Statistical Analysis
All sample sizes for group assignment were made a priori. For each animal, the total NeuN-positive cells were counted over the 6 fields. The number of caspase 3/NeuN double-positive cells was defined as an event. The data were normalized to events (caspase 3/NeuN double-positive cells) per 400 NeuN-positive cells counted, the lower end of cells encountered in each animal, to avoid extrapolation. Gross inspection of the raw data revealed that caspase 3 activation in NeuN-positive cells was a rare event with a mean incidence of 2.4% and a maximal incidence of 3.6% in the anesthesia-treated animals. This event rate met the criteria for analysis using the Poisson distribution.
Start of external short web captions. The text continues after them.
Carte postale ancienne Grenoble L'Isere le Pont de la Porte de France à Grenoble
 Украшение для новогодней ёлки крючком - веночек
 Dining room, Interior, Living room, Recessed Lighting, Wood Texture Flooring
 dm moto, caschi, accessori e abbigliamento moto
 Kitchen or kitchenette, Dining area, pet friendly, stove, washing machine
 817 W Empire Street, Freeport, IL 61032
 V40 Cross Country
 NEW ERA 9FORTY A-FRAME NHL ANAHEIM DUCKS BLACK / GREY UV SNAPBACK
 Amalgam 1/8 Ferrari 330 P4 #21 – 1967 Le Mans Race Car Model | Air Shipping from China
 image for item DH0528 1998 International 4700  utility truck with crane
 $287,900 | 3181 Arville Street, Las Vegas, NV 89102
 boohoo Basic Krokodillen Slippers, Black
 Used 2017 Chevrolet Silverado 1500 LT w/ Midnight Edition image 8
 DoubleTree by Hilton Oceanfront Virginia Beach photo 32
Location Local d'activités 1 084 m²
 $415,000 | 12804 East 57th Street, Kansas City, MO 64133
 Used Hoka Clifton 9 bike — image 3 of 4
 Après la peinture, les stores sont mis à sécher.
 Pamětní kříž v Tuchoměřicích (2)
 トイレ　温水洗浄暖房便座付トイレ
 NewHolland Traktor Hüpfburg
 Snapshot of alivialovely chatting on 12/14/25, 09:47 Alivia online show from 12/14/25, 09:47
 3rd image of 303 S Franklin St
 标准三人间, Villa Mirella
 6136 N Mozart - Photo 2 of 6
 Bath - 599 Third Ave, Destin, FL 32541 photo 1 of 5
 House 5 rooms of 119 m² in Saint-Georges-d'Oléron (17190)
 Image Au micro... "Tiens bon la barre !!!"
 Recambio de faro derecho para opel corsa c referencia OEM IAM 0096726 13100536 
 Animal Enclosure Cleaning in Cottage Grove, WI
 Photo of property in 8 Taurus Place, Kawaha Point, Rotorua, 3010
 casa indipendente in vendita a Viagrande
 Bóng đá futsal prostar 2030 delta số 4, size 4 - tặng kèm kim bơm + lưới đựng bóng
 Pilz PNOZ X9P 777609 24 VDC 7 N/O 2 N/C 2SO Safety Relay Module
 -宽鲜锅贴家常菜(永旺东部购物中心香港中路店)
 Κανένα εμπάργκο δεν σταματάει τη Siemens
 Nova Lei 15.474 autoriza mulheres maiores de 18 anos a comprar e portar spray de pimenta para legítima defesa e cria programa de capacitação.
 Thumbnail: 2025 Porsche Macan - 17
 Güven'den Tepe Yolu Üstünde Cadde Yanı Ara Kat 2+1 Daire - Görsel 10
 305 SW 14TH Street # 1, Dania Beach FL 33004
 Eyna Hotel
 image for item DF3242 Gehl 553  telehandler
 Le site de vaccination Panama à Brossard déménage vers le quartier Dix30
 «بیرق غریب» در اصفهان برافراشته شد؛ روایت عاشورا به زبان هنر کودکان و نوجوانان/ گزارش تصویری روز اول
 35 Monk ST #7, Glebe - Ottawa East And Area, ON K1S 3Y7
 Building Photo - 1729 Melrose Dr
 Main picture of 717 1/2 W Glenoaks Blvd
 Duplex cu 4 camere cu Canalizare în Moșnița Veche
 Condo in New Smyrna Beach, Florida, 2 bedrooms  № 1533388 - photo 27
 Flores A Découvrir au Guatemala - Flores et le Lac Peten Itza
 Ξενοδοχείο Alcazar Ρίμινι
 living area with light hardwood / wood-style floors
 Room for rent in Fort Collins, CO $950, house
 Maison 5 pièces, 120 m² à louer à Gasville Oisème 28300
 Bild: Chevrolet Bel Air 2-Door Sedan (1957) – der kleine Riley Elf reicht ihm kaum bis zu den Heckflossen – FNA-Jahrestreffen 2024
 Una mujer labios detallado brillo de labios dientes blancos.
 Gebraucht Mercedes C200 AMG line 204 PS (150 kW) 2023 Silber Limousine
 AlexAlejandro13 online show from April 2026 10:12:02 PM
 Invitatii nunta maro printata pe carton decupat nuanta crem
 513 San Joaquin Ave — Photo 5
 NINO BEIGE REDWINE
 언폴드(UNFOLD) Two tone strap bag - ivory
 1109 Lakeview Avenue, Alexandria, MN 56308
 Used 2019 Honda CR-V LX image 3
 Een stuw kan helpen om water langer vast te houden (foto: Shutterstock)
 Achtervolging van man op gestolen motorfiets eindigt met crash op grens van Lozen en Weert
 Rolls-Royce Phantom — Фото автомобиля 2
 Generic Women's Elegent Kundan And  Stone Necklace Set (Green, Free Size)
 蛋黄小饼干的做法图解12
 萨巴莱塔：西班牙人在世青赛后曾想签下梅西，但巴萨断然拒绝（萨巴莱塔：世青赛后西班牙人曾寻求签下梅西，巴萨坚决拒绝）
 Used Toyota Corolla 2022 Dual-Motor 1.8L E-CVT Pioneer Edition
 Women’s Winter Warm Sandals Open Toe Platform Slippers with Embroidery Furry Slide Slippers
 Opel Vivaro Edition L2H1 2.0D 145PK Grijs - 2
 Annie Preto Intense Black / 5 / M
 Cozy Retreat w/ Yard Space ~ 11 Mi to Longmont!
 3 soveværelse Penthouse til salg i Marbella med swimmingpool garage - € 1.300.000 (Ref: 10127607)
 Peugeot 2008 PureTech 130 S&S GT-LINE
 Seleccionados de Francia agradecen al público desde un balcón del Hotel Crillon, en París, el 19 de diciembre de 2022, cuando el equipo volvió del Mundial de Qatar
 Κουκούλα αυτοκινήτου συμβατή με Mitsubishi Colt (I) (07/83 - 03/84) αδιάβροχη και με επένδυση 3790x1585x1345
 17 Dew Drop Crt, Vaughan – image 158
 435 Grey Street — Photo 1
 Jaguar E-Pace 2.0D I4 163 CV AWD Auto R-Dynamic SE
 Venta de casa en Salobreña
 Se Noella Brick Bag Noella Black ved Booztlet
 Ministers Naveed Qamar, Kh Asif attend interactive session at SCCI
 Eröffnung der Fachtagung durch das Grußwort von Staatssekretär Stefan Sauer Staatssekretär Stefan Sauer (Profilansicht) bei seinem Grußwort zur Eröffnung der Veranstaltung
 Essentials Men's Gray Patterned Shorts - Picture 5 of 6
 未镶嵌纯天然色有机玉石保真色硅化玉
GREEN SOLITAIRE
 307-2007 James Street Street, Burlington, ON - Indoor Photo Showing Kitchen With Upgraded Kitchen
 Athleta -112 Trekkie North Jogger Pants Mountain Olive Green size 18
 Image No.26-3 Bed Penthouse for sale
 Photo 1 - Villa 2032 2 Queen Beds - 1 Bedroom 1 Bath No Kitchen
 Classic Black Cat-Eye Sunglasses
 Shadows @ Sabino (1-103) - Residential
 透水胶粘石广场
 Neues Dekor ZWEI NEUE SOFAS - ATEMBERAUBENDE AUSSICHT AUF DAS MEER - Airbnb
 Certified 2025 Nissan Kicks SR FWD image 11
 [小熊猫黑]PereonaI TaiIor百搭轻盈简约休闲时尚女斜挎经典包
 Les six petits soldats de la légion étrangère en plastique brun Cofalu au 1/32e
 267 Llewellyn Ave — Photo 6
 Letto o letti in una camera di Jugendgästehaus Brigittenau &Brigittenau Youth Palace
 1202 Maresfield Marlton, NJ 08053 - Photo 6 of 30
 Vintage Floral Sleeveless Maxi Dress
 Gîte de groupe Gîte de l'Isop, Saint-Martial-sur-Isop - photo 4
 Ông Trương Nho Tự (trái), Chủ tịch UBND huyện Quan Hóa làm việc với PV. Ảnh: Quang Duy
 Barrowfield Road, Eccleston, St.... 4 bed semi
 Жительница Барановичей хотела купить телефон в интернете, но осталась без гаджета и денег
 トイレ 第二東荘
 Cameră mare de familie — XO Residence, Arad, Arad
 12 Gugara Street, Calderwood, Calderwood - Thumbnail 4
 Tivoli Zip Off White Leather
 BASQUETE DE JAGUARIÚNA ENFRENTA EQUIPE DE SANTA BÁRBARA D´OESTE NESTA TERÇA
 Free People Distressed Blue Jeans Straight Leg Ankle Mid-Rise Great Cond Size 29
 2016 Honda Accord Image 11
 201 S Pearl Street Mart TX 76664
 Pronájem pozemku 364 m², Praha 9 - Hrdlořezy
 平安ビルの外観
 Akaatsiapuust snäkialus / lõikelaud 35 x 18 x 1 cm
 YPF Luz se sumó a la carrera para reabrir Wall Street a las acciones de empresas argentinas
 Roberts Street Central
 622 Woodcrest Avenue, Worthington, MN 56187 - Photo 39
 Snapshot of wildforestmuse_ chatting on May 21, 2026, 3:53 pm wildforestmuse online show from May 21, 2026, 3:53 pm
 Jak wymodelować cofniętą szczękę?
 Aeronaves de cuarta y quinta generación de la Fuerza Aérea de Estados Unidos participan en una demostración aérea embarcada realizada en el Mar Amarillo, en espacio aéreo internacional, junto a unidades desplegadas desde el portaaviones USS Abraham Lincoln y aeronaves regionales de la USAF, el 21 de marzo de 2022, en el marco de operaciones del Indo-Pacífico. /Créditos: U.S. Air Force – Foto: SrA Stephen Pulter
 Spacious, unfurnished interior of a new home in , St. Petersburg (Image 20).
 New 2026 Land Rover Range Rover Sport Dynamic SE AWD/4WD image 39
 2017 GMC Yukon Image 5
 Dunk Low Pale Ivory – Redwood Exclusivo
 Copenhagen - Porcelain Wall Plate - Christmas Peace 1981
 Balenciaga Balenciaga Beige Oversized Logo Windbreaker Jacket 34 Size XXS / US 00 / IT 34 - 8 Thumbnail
The Poisson mean event rate, λ, and its 95% CI were determined using the MATLAB® function [lambdahat, lambdaci] = poissfit(data, alpha). The vector “data” represented the number of events per 400 counted NeuN cells for each animal in the group of interest and α = (1 − CI). The mean event rates, λ, derived from the MATLAB function, were used to construct probability distribution function curves for the 2 groups (see Appendix).

The raw event counts were used to compute the ratio of events in the anesthesia-treated group to the control group using equations 6 and 7 in Graham et al.14 This method was used as an independent means to assess the mean event ratio and to determine the 95% CI for the event ratio.

All other data are presented as means ± SEM. Group comparisons were made using the Mann-Whitney U test. Statistical calculations were analyzed using Stata/IC 10.1 for Mac OS X (Stata Corp., College Station, TX). Statistical significance was accepted at P < 0.05.